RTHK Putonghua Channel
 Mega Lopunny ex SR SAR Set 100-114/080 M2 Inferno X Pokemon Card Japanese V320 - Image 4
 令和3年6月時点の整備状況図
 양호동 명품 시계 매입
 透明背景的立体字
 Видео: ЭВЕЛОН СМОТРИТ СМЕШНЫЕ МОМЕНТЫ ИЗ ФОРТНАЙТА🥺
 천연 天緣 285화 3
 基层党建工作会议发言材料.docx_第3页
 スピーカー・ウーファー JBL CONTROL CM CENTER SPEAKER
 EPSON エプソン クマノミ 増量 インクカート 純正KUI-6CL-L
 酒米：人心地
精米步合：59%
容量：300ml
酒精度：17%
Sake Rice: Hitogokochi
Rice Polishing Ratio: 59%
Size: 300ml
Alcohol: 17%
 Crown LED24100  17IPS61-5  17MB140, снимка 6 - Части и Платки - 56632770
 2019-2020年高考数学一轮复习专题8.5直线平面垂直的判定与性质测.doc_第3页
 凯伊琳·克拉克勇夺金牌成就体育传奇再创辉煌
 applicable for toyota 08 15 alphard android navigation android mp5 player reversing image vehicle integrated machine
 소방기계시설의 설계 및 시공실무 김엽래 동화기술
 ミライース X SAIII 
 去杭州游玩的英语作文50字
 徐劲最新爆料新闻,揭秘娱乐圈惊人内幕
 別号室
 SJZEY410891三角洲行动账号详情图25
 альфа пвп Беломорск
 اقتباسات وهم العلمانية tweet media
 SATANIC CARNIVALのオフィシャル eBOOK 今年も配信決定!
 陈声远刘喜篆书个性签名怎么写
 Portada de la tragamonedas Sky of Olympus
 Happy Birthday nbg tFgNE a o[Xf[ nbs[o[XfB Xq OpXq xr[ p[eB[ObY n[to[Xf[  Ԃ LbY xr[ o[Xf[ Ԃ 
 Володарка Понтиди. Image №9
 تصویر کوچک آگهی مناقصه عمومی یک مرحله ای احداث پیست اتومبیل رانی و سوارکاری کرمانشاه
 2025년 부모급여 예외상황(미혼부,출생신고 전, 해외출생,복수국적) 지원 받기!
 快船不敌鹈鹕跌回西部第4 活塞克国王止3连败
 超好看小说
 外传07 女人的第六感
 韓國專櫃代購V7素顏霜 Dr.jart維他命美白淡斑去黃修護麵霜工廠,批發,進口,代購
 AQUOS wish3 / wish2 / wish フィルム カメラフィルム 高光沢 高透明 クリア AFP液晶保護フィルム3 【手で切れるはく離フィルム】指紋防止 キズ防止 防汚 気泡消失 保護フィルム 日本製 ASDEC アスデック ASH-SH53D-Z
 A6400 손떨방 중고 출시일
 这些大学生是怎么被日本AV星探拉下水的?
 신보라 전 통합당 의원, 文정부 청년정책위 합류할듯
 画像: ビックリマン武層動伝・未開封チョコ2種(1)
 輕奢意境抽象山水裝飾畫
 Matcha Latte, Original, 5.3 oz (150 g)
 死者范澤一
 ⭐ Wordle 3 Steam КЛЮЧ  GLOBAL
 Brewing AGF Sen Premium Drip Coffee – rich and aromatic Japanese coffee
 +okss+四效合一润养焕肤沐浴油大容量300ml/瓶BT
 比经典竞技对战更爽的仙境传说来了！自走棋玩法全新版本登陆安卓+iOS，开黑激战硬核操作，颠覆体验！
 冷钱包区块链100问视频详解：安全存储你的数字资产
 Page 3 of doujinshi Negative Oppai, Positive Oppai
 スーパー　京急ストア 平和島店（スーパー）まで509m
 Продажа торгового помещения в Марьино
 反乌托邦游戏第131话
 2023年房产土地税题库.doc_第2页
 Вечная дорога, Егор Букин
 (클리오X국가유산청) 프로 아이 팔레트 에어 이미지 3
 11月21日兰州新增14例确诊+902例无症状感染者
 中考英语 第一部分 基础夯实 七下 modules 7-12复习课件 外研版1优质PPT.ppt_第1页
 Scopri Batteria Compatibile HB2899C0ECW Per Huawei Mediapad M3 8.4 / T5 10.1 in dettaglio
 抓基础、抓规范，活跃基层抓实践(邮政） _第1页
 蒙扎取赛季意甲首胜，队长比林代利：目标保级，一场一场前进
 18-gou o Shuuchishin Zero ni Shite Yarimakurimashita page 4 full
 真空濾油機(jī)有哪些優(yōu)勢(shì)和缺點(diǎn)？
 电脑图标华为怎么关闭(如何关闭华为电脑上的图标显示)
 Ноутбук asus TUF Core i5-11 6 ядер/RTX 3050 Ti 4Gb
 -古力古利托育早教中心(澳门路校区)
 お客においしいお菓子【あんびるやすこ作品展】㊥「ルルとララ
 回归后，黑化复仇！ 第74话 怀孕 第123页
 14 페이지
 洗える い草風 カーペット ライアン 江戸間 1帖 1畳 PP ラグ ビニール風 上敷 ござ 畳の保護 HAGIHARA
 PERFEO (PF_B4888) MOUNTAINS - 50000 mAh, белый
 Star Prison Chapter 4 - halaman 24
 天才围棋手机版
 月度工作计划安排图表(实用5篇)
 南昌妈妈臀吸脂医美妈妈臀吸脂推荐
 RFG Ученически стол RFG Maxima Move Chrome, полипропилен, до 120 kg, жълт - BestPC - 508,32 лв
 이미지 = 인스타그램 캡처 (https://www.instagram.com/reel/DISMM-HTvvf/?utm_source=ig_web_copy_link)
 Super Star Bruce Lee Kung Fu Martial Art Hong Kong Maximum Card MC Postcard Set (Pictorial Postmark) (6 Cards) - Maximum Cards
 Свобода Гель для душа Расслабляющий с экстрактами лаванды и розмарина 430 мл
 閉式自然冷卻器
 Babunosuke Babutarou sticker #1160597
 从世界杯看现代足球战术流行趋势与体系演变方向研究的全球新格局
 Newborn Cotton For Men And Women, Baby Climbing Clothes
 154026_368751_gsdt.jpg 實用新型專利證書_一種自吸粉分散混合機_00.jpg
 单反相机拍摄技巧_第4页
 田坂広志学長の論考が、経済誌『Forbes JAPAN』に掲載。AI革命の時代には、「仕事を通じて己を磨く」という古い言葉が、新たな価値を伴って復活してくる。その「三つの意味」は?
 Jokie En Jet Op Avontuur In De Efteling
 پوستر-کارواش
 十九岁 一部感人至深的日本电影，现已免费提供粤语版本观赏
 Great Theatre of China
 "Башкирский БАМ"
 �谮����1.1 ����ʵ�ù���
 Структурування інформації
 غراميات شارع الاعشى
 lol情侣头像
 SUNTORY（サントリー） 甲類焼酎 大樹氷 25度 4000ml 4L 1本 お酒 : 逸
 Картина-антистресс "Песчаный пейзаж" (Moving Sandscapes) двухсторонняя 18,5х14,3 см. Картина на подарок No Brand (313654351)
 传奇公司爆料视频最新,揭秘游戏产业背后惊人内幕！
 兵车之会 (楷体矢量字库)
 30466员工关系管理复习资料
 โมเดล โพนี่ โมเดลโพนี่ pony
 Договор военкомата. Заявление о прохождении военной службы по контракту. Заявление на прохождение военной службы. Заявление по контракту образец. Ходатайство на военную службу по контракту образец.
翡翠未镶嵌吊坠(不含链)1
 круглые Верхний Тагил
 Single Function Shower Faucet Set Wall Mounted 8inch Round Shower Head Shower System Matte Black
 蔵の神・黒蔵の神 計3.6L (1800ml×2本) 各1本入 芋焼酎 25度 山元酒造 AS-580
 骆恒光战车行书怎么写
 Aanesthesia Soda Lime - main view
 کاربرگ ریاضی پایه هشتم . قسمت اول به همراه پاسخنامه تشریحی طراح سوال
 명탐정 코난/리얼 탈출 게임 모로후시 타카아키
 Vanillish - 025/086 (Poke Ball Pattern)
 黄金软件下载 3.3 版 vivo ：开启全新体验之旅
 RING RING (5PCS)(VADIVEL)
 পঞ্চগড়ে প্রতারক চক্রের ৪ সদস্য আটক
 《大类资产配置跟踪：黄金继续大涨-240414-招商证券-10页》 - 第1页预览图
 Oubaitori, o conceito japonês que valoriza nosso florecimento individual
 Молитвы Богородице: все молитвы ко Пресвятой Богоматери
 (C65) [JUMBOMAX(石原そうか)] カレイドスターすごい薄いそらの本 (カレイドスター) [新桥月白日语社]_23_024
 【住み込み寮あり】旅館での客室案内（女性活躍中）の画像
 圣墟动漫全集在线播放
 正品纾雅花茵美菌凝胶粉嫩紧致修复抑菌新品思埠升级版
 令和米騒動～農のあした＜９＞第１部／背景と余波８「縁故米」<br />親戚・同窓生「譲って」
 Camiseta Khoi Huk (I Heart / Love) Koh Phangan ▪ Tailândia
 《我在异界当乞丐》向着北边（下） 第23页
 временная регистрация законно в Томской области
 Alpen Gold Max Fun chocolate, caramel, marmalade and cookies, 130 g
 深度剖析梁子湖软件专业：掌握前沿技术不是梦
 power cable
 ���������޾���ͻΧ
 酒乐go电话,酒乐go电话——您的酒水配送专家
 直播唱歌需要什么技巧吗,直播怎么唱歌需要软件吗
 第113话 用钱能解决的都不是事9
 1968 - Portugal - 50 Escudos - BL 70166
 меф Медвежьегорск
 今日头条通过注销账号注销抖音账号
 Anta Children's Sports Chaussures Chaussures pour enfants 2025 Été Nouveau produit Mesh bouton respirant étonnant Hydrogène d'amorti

● ● ● ● ●

- _Task directions_:
Out of the material above, output word for word the line with "30466员工关系管理复习资料", the line with "翡翠未镶嵌吊坠(不含链)1", and all lines between them, with nothing else.

- _Result for this task_:
 30466员工关系管理复习资料
 โมเดล โพนี่ โมเดลโพนี่ pony
 Договор военкомата. Заявление о прохождении военной службы по контракту. Заявление на прохождение военной службы. Заявление по контракту образец. Ходатайство на военную службу по контракту образец.
翡翠未镶嵌吊坠(不含链)1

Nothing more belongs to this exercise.